Forum,
I am currently looking into Azure Synapse as an option for migrating our on-prem data architecture. I am excited by the functionality it offers - SQL Pools, Spark Pools, and the accompanying notebooks. I get that Synapse can function as a all in one data platform, where my data scientists and data analists can use its functionality to deliver insights at will. However, a large part of the work my team does is creating data products.
We currently have a kubernetes cluster with several stand-alone API's that perform data-science operations in the larger whole of our software. They can be thought of as microservices. Most of the ETL is done in our SQL-server, and the microservices in our K8S cluster (usually python + some python packages + FastAPI) typically get the required data from our SQL-server through some SQL-query with an ODBC connector.
Now my question is, how suitable is Synapse for such an architecture?
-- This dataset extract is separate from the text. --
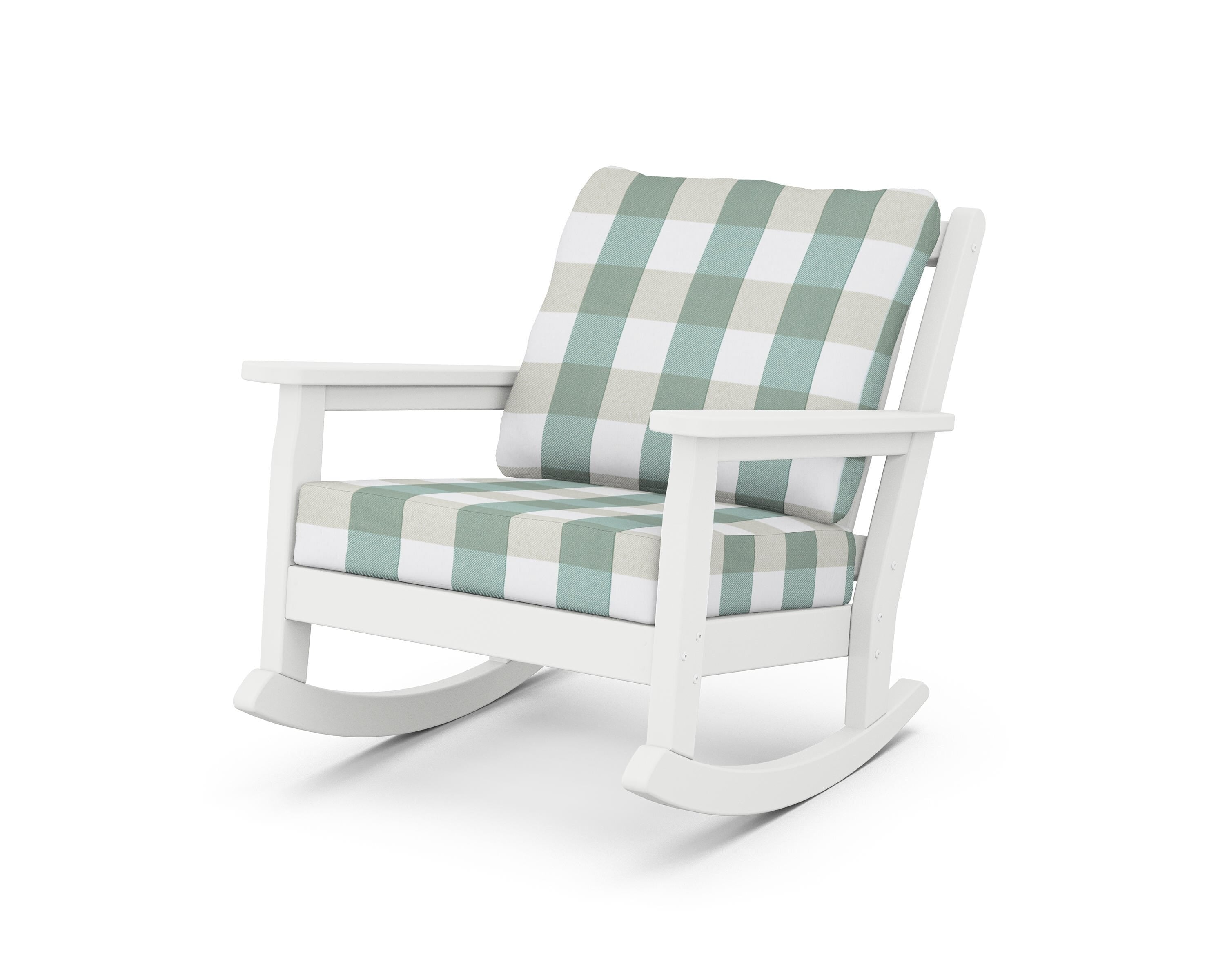 POLYWOOD® Chippendale Deep Seating Rocking Chair in White / Buffalo Plaid Glacier Spa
Can I call upon the SQL-pool or spark-pool to do the heavy data-lifting from outside the azure environment, say from a kubernetes pod?
Unfortunately you can't integrate Azure Synapse Analytics with Kubernetes Services.
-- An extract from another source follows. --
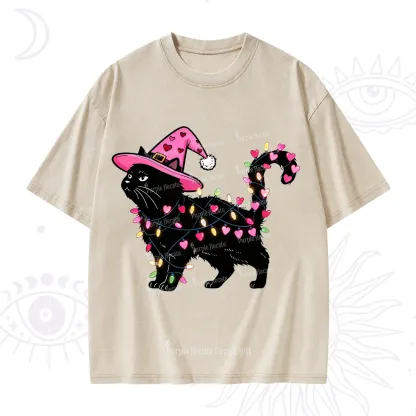 Purplehecate Cute Cat Valentine Washed T-Shirt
While Synapse SQL helps perform SQL queries, Apache Spark executes batch/stream processing on Big Data. SQL Pool is used to work with data stored in Dedicated SQL Pool while Spark SQL can be integrated with existing data preparation or data science projects that you may hold in Azure Databricks or Azure Machine Learning Services.
Also, as per this third-party document, Azure Synapse Analytics can't integrate with Kubernetes Services.
As a workaround, you can copy/move your data from Kubernetes to Azure Services like Azure Dedicated SQL Pool, Azure Blob Storage or Azure Data Lake Storage and then integrate it with Azure Synapse pipeline or Spark Pool.